FFT in Competitve Programming
The FFT in Competitive Programming
So I was grinding some problems on Codeforces last weekend when I came across yet another polynomial multiplication task. I coded a simple O(n²) approach, then Time limit exceeded.
That's when I realized I needed the Fast Fourier Transform (FFT) algorithm. If you're serious about competitive programming, FFT is one of those tools that you absolutely need in your arsenal. It transforms polynomial multiplication from an O(n²) pain into a O(n log n).
Why FFT?
Let's be real - FFT problems don't show up every day. But when they do, they're usually worth a lot of points. More importantly, understanding FFT gives you a powerful technique for dealing with convolutions and certain types of optimization problems.

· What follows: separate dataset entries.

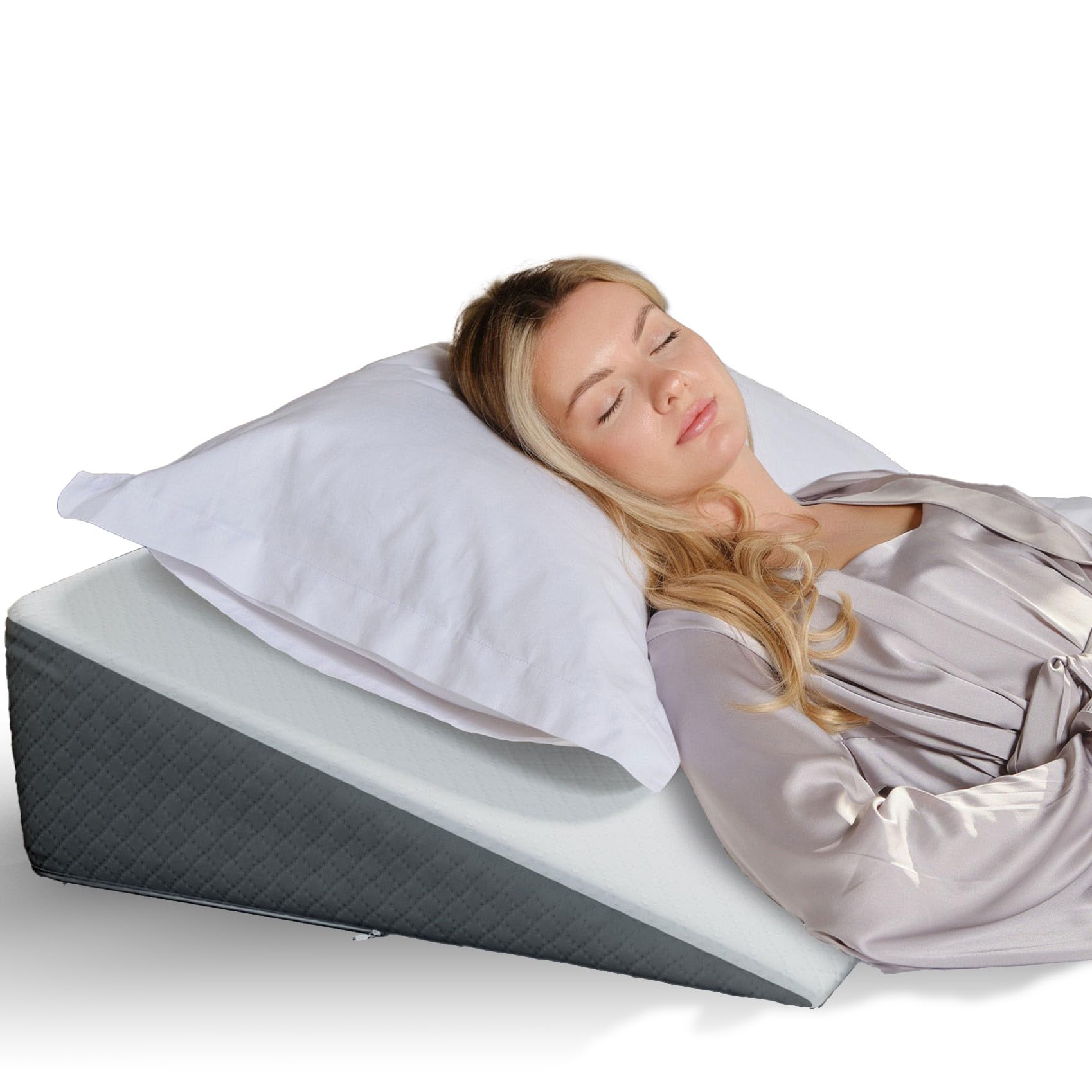 Bettkeilkissen mit Memory-Schaum-Oberseite | Stilvoller schicker Jacquard-Bezug | Keilkissen zum Schlafen und Säure-Reflux, Sodbrennen und GERD Kissen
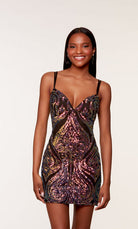 UNK-4653. Short, V-neck, Straight, Strappy Back image 2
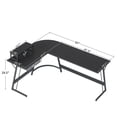thumbnail image 4 of CubiCubi 67 x 47inch L Shaped Desk Modern Computer Home Office Writing Study Workstation Desk, Drawers Black, 4 of 7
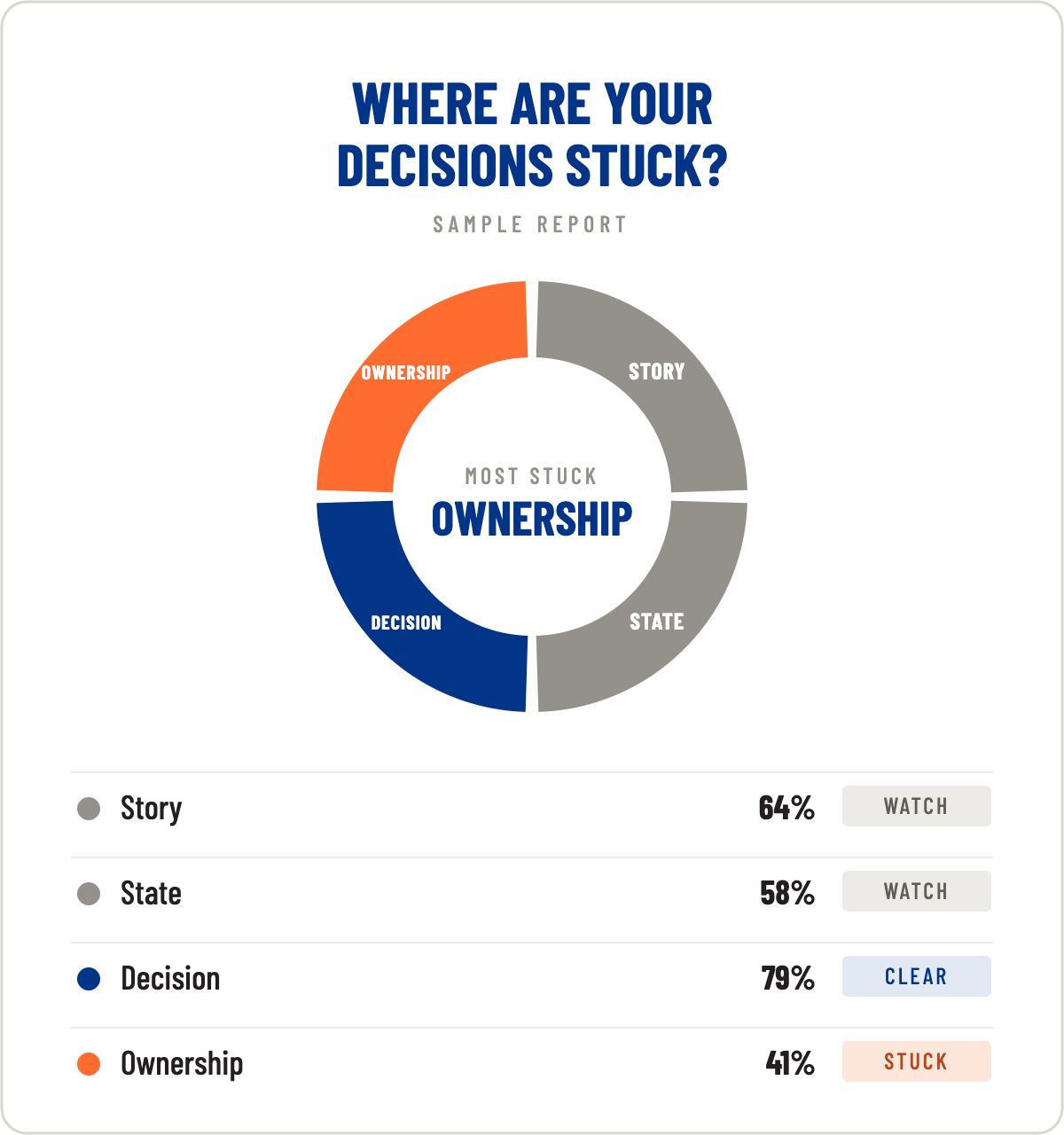 Sample Decision Diagnostic report showing scores for Story, State, Decision and Ownership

Some classic problem types where FFT shines:
- Polynomial multiplication
- String matching with wildcards
- Counting the number of ways to make a sum with given elements
- Substring problems that involve counting occurrences
The Core Idea
At its heart, FFT is about representing polynomials in different ways. The standard way is to list the coefficients: 3x² + 2x + 1. But here's the magic - we can also represent a polynomial by its values at specific points.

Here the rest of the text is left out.